Verify that $H(x-ct)$ is a weak solution of wave equation $u_{tt}=c^2u_{xx}$ The problem is in Strauss, Partial Diferential Equations 2nd edition, 12.1 Ex.5.
I want to verify by direct substitution that Heaviside DISTRIBUTION $H(x-ct)$ is a weak solution of wave equation $u_{tt}=c^2u_{xx}$.
I found almost identical question at weak solution of wave equation here but I think my problem is slightly different from this, since I considered that $(x,t)\in\mathbb R\times(\mathbb R^+\cup\{0\})$.
$$\int_{\infty}^{\infty} \int_0^{\infty} H(x-ct)(\phi_{tt}-c^2\phi_{xx})dtdx=0$$
should be true for all $\phi\in\mathcal D(\mathbb R\times(\mathbb R^+))$.

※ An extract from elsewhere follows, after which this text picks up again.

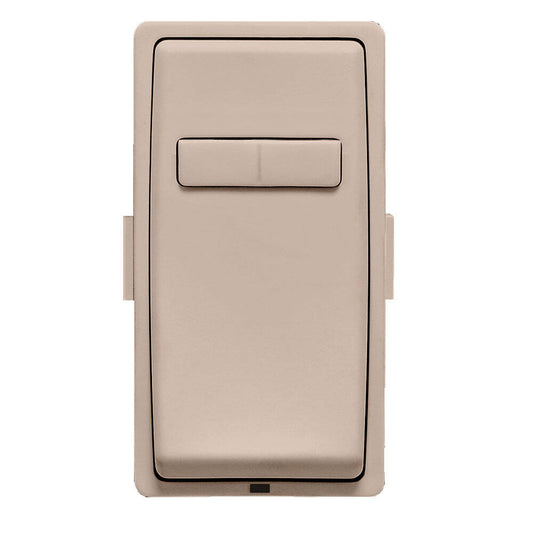 Leviton Renu Remote Dimmer Face Kit Cafe Latte (RKDCD-CA)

Using $\phi$ is a $\mathcal C^\infty$ function with compact support, I found it can be reduced to
$$
\begin{align}
& \int_{0}^{\infty}\int_{0}^{x/c} \phi_{tt}dtdx - c^2\int_{0}^{\infty}\int_{ct}^{\infty} \phi_{xx}dxdt \\
= & \int_{0}^{\infty} (\phi_t (x, \dfrac{x}{c}) - \phi_t (x, 0))dx + c\int_{0}^{\infty}\phi_x(t,\dfrac{t}{c})dt \\
= & \int_{0}^{\infty} c\dfrac{d\phi}{ds}(s,\dfrac{s}{c})ds-\int_{0}^{\infty} \phi_t (x, 0)dx \\
= & -c\phi(0,0) - \int_{0}^{\infty} \phi_t (x, 0)dx.
\end{align}$$
Since the second term cannot be integrated explicitly, I considered a closed curve on $\mathbb R\times(\mathbb R^+\cup\{0\})$ which connects $(0,0),(X,0),(X,T),(0,T)$ by line segments, then send $X$ and $T$ to $+\infty$. Since $\phi$ and its derivatives vanish over some radius R, the second term would be $-\phi(0,0)$, not $-c\phi(0,0)$.
Maybe I has made a mistake on integration, but can't find that. Could anyone give me some help?
 A: If you want your test functions to have support containing $t=0$, your definition of a weak solution should be adjusted since if $u\in C^2$,
$$ \int_{\mathbb R}\int_0^\infty u_{tt}(\tau)  \phi(\tau) d\tau dx = \int_{\mathbb R} \left(  -u_t(0)\phi(0) +u(0)\phi_t(0) +\int_0^\infty u(\tau)\phi_{tt}(\tau) d\tau \right)dx$$
So for test functions $\mathfrak D:=\mathcal D(\mathbb R \times [0,\infty))$,  we should say that $u\in\mathfrak D'$ is a weak solution of the IVP for $u_0,u_1\in\mathcal D(\mathbb R)'$,
$$ u_{tt} = c^2 u_{xx}\\ u(0)=u_0\\
u_t(0)=u_1$$
if
$$ -\int_\mathbb R  u_1(x)\phi(x,0)dx + \int_\mathbb R  u_0(x)\phi_t(x,0)dx +\int_{\mathbb R} \int_0^\infty u(x,t) (\phi_{tt}(x,t)-c^2\phi_{xx}(x,t)) dxdt = 0$$
When $u(x,t)=H(x-ct)$, then $u(x,0)= H(x),\ u_t(x,0) = -c\delta_0(x),$ so we should use
$$u_0(x) = H(x),\\ u_1(x) = -c\delta_0(x).  $$
This causes the two extra terms you found to exactly cancel.
For the definition of a weak solution you suggested, you should use the fact that functions in $\mathcal D(\mathbb R \times (0,\infty))$ vanish at $t=0$.